The plot of “Call Me by Your Name” isn’t particularly novel. Its contours are familiar to anyone who can remember their own sentimental education, or that of their favorite literary hero. What sets his movie apart are the flavors, feelings and fleeting glimpses of attraction that find as much erotic tension in a volleyball game or alfresco lunch as in sparring over a Bach cantata. The villa where much of “Call Me by Your Name” transpires, with its lush fruit orchards and burnished, offhanded refinement, feels less like a stage set than a summer home seen through a particularly revealing (but circumspect) keyhole.
Anyone who has seen Guadanigno's previous films, including " I Am Love " and " A Bigger Splash ," understands his gift for creating environments, often drenched in extravagant colors and textures; his staging and pacing are just as sensuously seductive, drawing viewers into a world that seems simultaneously realistic and dreamlike in its detail and pictorial richness.

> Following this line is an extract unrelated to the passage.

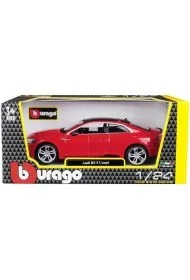 Bburago Samochód "Audi RS5 Coupe (2019)" w kolorze zielonym - 3+ - Zabawki zdalnie sterowane - miniaturka - grafika 1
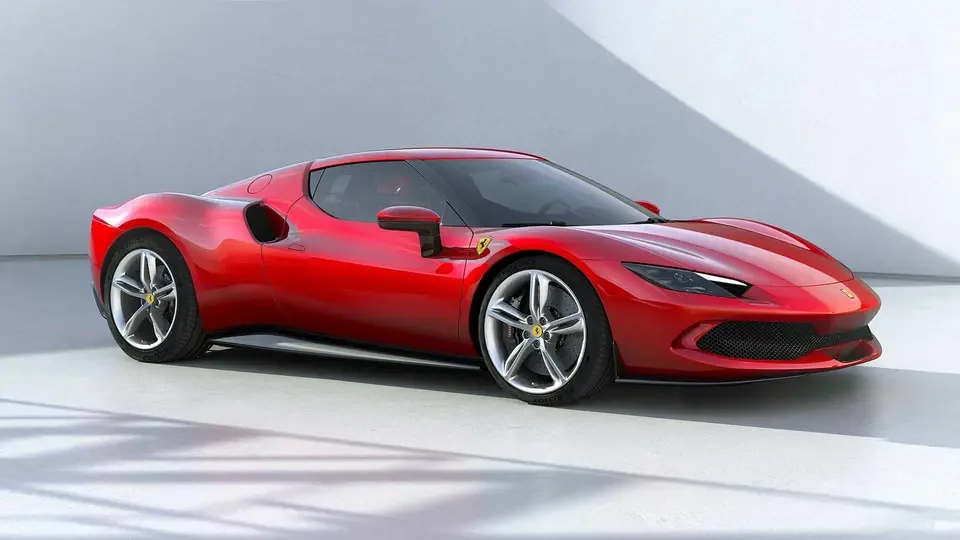 معرفی فراری 296GTB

“Call Me by Your Name” finds the director marshaling those gifts in service to a spellbinding, almost ecstatically beautiful movie that gains even more heft and meaning in its final transcendent moments. What had been a two-hander featuring sensitive, flawlessly judged performances by Chalamet and Hammer expands into something more, and the audience realizes that the entire film could be interpreted as an elegant exercise in misdirection. “Call Me by Your Name” may exemplify well-tempered cinema at its most balanced and attractive, but it’s far more than just a pretty face.
R. At area theaters. Contains sexuality, nudity and some coarse language. 132 minutes.